I resist the good-natured counsel I often hear to “be gentle” with myself and to call it “grace” without any sense of doing something about it. How can I be kind to myself, radically or no, and not get stuck binge-watching Netflix with cumin corn chips and a whiskey sour? Lamott, with her severe honesty is instructive here:
“[Mercy] includes everything out there that just makes us sick and makes us want to turn away, the idea of accepting life as it presents itself and doing goodness anyway, the belief that love and caring are marbled even into the worst life has to offer . . . .”
It is this “and doing goodness anyway” that supports everything that I have preached or written about, how I instruct my children and counsel others, but often forget myself. When I find that I am so weary of trying to make things right in this world, to do justice and motivate others to do the same, but keep hitting walls . . . over, and over, and over, and over . . . and 50 years in . . .
Do goodness anyway, Nicole. Of course. And there is such power in realizing that doing goodness, practicing mercy, is a spiritual act. Doing goodness, practicing mercy is the oxygen that sustains the life of one who lives in the reality of the Kingdom of God—on earth as it is in heaven.
“Kindness toward others and radical kindness to ourselves buy us a shot at a warm and generous heart, which is the greatest prize of all.”
Yes. And this brings me back to the words I put on the opening picture. The first piece, forgiveness – with mercy, inextricable – is the first step. Must be the first step. Forgiving those who crushed (knowingly or no) and forgiving myself for grasping too tightly, or for giving up (way) too easily. Because, do I want this or do I want to be right? And with Lamott “Well, can I get back to you on that?”
“I want to want this softening, this surrender, this happiness. Can I get a partial credit for that? The problem is, I love to be, and so often am, right. It’s mood-altering, and it covers up a multitude of sins… I know justice and believing that you’re right depend on cold theological and legal arguments where frequently there is no oxygen, but honestly I don’t mind this. I learned to live in thin air as a small child.”

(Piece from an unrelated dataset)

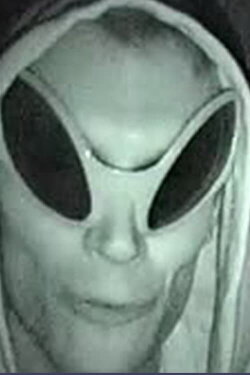 Roommate Alien Prank Goes Bad (2008) Roommate Alien Prank Goes Bad (2008)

How does she know me so well? But, yes. I do want this surrender, to practice mercy and breathe the oxygen of goodness, and be the fragrance of that rose still more fragrant when crushed under that heal. Because the kingdom of God is a community, a gathering of people just as fragile and prone to being crushed – and crushing each other. But if I choose to do goodness anyway, you might choose goodness – even when I may crush you (Lord, have mercy. Christ, have mercy). And behavioral science shows that behavior is contagious. So, perhaps you might commit with me to do goodness anyway – today? Just today. Because, like God, mercy is timeless – even for those who are (nearly) 50.